Tuesday, January 21, 2014

1793 Philadelphia Yellow Fever Epidemic

My sister-in-law's 3rd cousin six times removed was St. George Tucker (1752-1827). He married Frances (Bland) Randolph, the widow of John Randolph. One of Tucker's step-sons, John Randolph of Roanoke, and his friend and distant relative, Joseph Bryan, were living together in Philadelphia in 1793 where they studied law under Edmund Randolph. St. George Tucker felt it was important for his children and step-children to have careers in either law or medicine as he did not believe the great plantations of Virginia would be economically viable much longer.

John Randolph of Roanoke (1773-1833)
While John Randolph of Roanoke was in Philadelphia the first major yellow fever epidemic hit the city in July 1793, a hot and humid summer with more than the usual number of mosquitos. The disease tore through the city like wildfire, claiming the lives of one-sixth of the population. An estimated 20,000 people fled the city, including President George Washington, who left on September 10 on his previously scheduled vacation. Children often suffered a milder case of the fever while their parents died, leaving many orphans which the city was unprepared to handle.

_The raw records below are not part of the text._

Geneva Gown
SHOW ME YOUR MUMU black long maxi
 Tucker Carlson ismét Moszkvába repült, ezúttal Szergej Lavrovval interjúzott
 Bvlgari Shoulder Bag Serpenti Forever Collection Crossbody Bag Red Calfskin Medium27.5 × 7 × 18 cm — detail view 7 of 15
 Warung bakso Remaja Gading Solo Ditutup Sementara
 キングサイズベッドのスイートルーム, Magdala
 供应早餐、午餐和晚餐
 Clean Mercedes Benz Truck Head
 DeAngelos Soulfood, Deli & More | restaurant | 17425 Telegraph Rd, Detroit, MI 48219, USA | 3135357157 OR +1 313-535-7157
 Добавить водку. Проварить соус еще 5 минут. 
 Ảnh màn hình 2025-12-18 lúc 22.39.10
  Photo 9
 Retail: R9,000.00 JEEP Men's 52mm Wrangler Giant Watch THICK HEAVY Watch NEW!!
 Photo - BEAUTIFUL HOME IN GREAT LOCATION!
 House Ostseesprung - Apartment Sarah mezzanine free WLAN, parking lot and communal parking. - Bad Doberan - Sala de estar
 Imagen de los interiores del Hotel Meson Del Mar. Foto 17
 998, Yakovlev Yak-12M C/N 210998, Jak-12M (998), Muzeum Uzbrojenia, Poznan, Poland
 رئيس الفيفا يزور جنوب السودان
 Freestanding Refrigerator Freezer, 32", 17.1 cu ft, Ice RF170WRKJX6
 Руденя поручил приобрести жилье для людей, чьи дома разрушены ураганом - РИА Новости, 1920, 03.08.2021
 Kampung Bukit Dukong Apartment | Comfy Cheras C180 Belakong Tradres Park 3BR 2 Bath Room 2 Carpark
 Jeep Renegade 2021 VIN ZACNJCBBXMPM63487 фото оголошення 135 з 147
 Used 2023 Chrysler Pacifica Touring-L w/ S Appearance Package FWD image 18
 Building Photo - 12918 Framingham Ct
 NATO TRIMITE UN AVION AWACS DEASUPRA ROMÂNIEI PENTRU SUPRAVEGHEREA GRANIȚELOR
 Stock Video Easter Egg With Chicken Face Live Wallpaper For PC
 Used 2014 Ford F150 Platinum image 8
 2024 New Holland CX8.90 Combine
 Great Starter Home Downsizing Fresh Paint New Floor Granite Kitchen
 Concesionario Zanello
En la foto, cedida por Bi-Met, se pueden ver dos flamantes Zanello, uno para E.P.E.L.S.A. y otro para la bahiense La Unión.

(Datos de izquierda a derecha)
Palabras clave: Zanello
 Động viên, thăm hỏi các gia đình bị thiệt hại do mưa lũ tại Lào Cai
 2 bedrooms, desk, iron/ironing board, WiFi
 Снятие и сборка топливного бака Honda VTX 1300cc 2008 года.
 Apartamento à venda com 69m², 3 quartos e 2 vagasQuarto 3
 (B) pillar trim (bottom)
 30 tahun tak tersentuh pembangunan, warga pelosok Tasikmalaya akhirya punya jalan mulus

Arch Street Wharf and Ferry, Philadelphia, Pennsylvania
The first cluster of cases appeared at the Arch Street wharf, leading many, including Dr. Benjamin Rush[1], to conclude yellow fever was caused by unsanitary conditions around the docks, open sewers, and rotting vegetables. He also recognized weather played a part in the epidemic. The stagnant water, where mosquitos bred, froze over in mid- to late October, and greatly decreased incidence of the disease. Dr. Rush treated his yellow fever patients by blood leeching and purging, using a mercury compound. Later, he wrote an account of the 1793 epidemic, and described the symptoms and course of the disease. He also posited his thoughts on cures and causes.

An Account of Bilious remitting Yellow Fever as It Appeared in the City of Philadelphia in the Year 1793 by Dr. Benjamin Rush.

Philadelphia mayor, Matthew Clarkson, organized the city's response and established a committee to deal with the chaotic situation. They reorganized the fever hospitals, arranged to visit the sick, fed those unable to care for themselves, arranged wagons to carry the sick to hospitals and the dead to Potter's field, and they identified shelters for orphans. Aggressive attempts were made to improve the city's sanitary condition. In 1799, Benjamin Latrobe was hired to design and construct the first water system in the United States. Ironically, Latrobe died of yellow fever in 1820 while constructing a waterworks for New Orleans.

Carlos Finlay, a Cuban doctor, first proposed yellow fever might be transmitted by mosquitos in 1881. Since the losses from yellow fever were extremely high during the Spanish-American War in the 1890s, Army doctors began to experiment with a team led by Walter Reed. They were able to successfully prove Dr. Finlay's "mosquito hypothesis." Using methods first suggested by Dr. Finlay, the U.S. government was able to eradicate yellow fever from Cuba and later Panama, which allowed the completion of the Panama Canal after the French had abandoned the project in large part due to the decimation of their workers by yellow fever.

[1] Benjamin Rush was the youngest signer of the Declaration of Independence, the surgeon general of the Continental Army, founder of Dickinson College, doctor, writer, educator, and humanitarian.

For more information about the Yellow Fever epidemic of 1793, Penn State University has made this article available online. This post was a joy to write as I was able to pull out some of my old micro-history books on Yellow Fever and the building of the Panama Canal. Yes, my tastes in reading material are a bit quirky!